Went out Sunday and caught nothing at all. Using fresh frozen and live cigar minnows, plus some jigging lures. Even put out a stinger with fresh cigar minnow. And I mean we caught nothing. Tried some wrecks but they were covered with divers. Tried natural bottom...with the numbers we had...nothing. Anyone want to share a couple of numbers?? And to top it off, one of the engines died so we went in at 5 mph or so. Glad the pass was nice and calm or it would have been interesting. Appreciate any help for the new guy.


----------



## Naby (Jan 18, 2009)

skays, PM sent. I'll pass on some of the same help that has been given to me. Of course, now that federal waters have opened up you'll have many more places to explore than I have so far. 



skays said:


> Went out Sunday and caught nothing at all.
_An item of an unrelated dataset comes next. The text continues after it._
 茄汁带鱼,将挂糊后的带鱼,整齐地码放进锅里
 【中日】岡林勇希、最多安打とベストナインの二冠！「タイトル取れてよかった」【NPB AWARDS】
Using fresh frozen and live cigar minnows, plus some jigging lures. Even put out a stinger with fresh cigar minnow. And I mean we caught nothing. Tried some wrecks but they were covered with divers. Tried natural bottom...with the numbers we had...nothing. Anyone want to share a couple of numbers?? And to top it off, one of the engines died so we went in at 5 mph or so. Glad the pass was nice and calm or it would have been interesting. Appreciate any help for the new guy.


----------